Cut the food into slices about 3 cm thick. Because when you steam these foods, in order for them to heat evenly, they must be cut into slices of the same size. Whether it’s slicing pumpkin or sweet potatoes, all kinds of food need to be sliced with a sharp knife.
Bananas and other soft foods should be mashed before steaming.
Just be sure to use a clean cutting board and knife. If you are handling more than one type of food, wash the cutting board and knives in hot, soapy water after handling the food.
Steam food. Put the cut food into the steamer and put it into the soup pot, add more than ten centimeters of water to the big soup pot, cover the pot, put it on the stove, and heat it with medium-high heat. After 5-10 minutes, remove the lid once the food has softened.
Use a clean fork to check that the food is really tender.
Steamed foods will come out softer than if you’d normally make them yourself because they’re completely soft once you puree them.
Only use water to steam food. Don’t add butter, salt, sugar, or other condiments unless you’re sure your baby can digest them.
Puree food in a food processor. Process the softened food in a food processor until it’s fully mashed. If you don’t have a food processor, you can use a blender, food grinder, or potato masher.
If your baby is under 6 months old, you want to make sure there are no lumps left. Older babies can already eat mashed food and don’t need to eat pureed food. Talk to your doctor before deciding how much to process your food.

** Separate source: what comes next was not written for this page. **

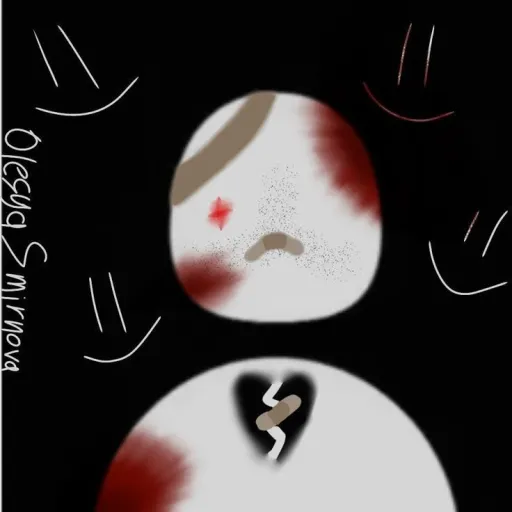 creator ♡-Charlie-♡'s avatar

Heat the meat to the right temperature before making the meat puree. If you’re serving meat, chicken, or fish to an older baby, be sure to heat them to the right temperature to kill bacteria. The temperature can be determined with a meat thermometer. Meat should be heated to 71°C, chicken to 74°C and fish to 63°C.

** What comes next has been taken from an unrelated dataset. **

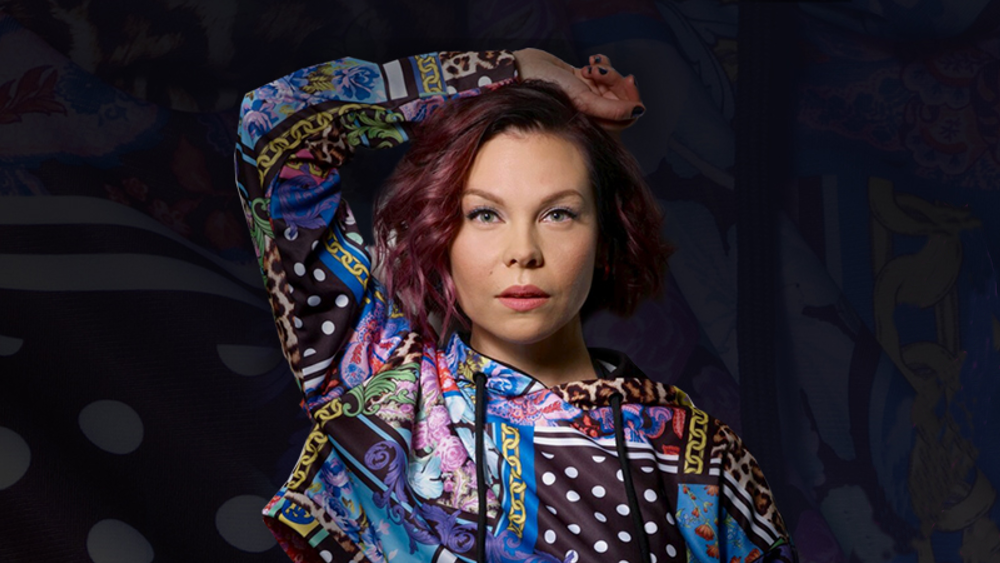 Jenni Mustajärvi pe 19.04.2024 21:00   Artisti:  Jenni Mustajärvi   Paikka: Telakka, Tampere, Suomi      Osta liput (18 &euro;)       Liput: 18 &euro;  (tiketti.fi)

Cook the meat until it is pureed like other foods. You can stir it up with tomatoes or some other tasty treats.
Strain the food to remove residue by breaking up all solids through a fine-mesh strainer. This last step is used to make sure the food can be digested by your baby’s system.
Storage and reheating of baby food
Store baby food in clean jars with airtight lids to keep the food fresh and prevent it from becoming contaminated. Food can be stored in the refrigerator for two days (one day for meat and fish). 
If you’re storing food in the freezer, make sure you’re using freezer-safe containers. Baby food can be stored in the refrigerator for one month.
Always remember to label the type of food and the date it was produced.
When reheating frozen baby food, do it thoroughly. It is best heated to 74 degrees Celsius.
Do not thaw baby food at room temperature, as this can allow bacteria to grow. It is safer to reheat food thoroughly before eating.